** Data entries **
################
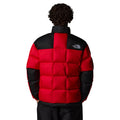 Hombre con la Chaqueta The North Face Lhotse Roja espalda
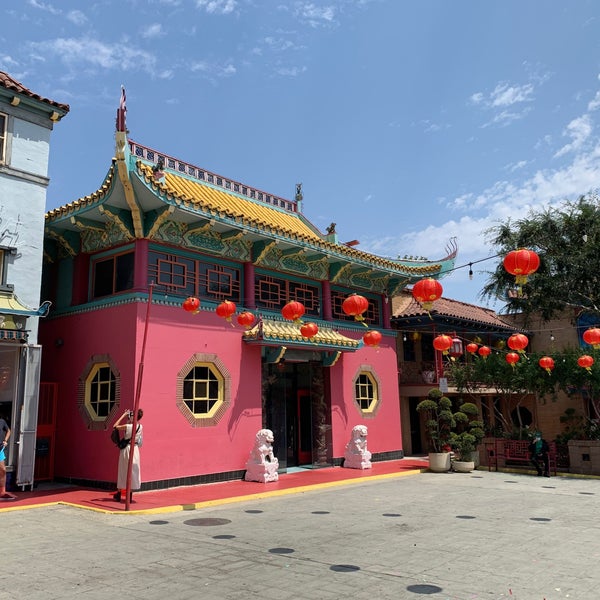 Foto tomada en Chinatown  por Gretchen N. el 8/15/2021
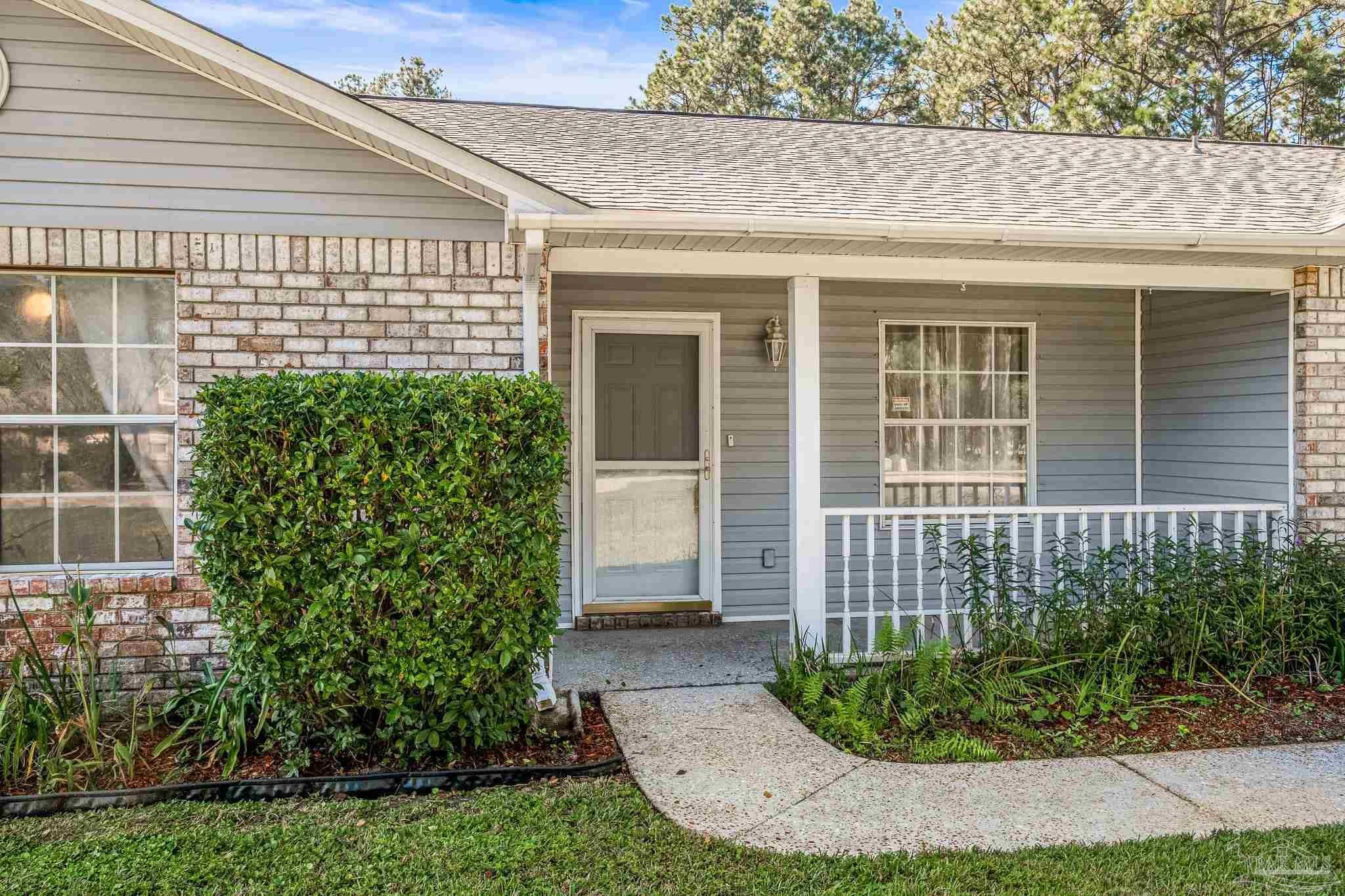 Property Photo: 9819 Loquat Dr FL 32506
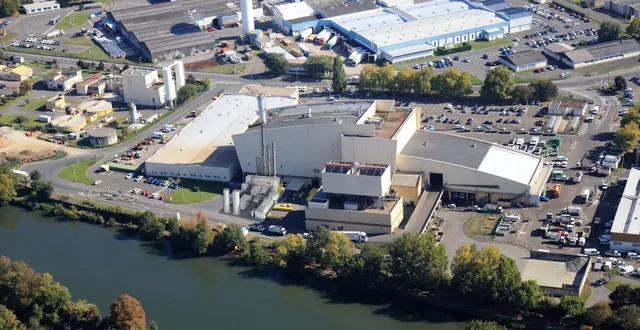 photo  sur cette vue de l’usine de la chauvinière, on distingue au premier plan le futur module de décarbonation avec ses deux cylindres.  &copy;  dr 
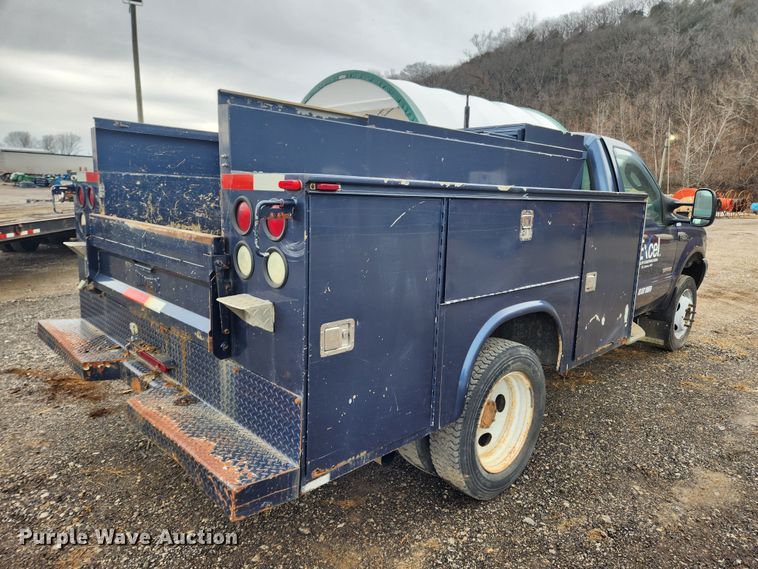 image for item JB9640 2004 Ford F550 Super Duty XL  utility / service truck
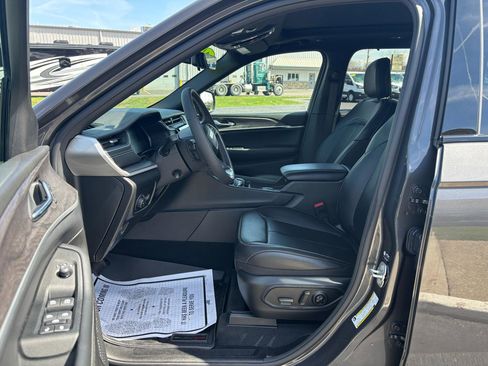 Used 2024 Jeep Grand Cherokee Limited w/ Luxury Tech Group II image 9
################
** YOUR INSTRUCTIONS **
Would you mind repeating the records above exactly, without the pictures?

** ANSWER BELOW **
 Hombre con la Chaqueta The North Face Lhotse Roja espalda
 Foto tomada en Chinatown  por Gretchen N. el 8/15/2021
 Property Photo: 9819 Loquat Dr FL 32506
 photo  sur cette vue de l’usine de la chauvinière, on distingue au premier plan le futur module de décarbonation avec ses deux cylindres.  &copy;  dr 
 image for item JB9640 2004 Ford F550 Super Duty XL  utility / service truck
 Used 2024 Jeep Grand Cherokee Limited w/ Luxury Tech Group II image 9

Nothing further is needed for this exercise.